Instructions for the task
Starting at the line that contains "Gavel Vector Icon Design", write out each line exactly through the last one in the material below, and nothing more; omit all pictures.

Data extract
******

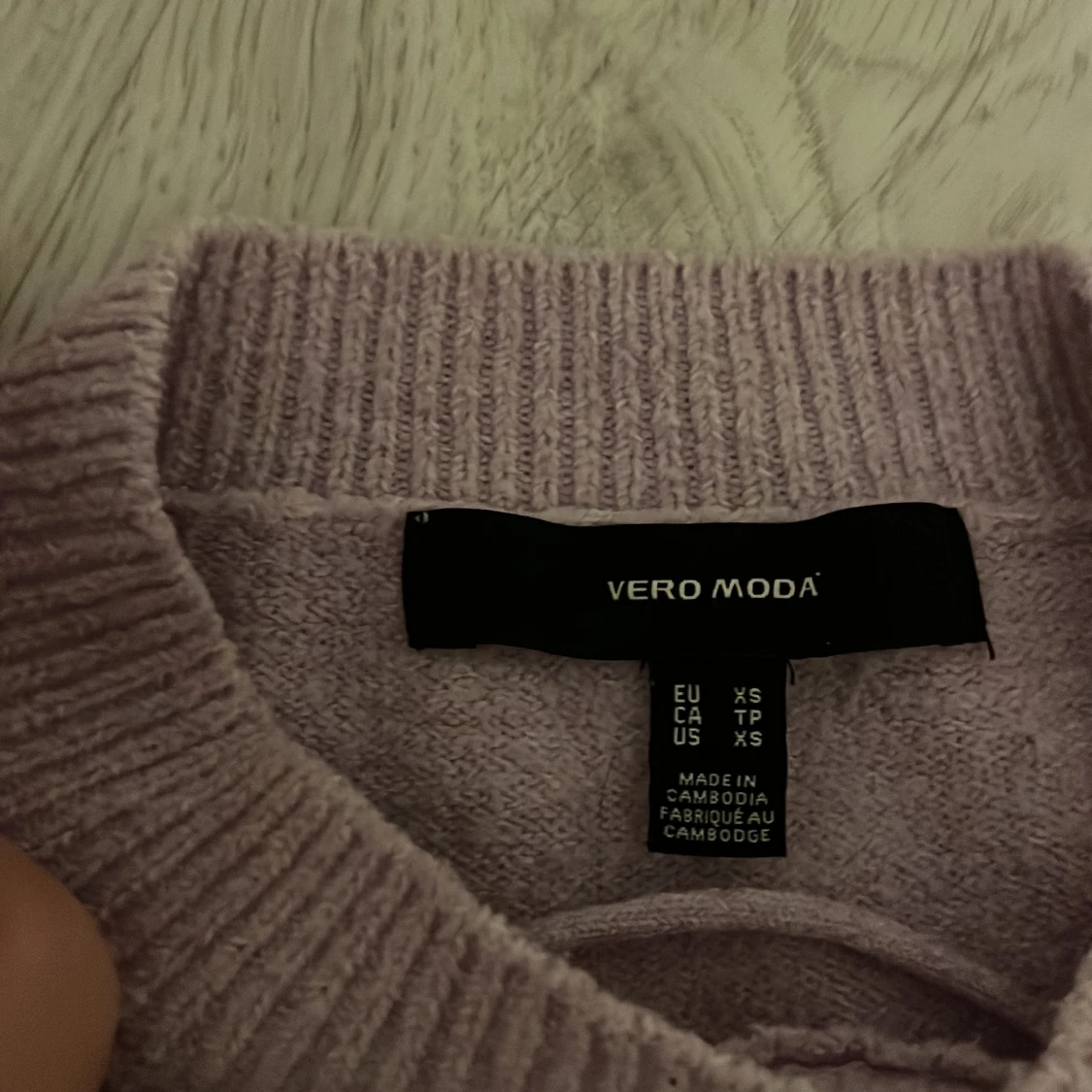 Ljuslila stickad tröja Vero Moda XS - 3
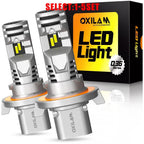 2X OXILAM H13 9008 LED Headlights 8000LM 6500K for
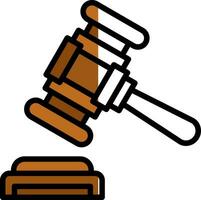 Gavel Vector Icon Design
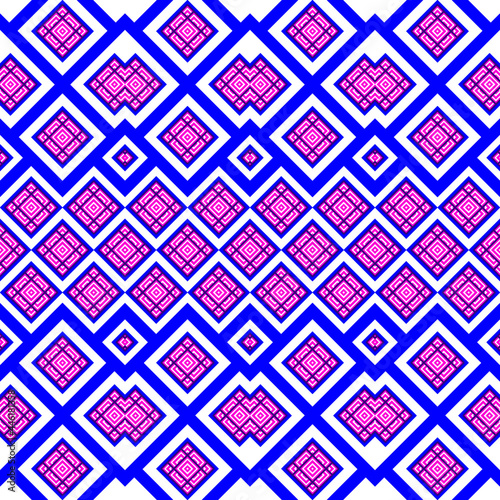 square Ethnic patten image,Farbic background,Vector photo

******

Output for this task
 Gavel Vector Icon Design
 square Ethnic patten image,Farbic background,Vector photo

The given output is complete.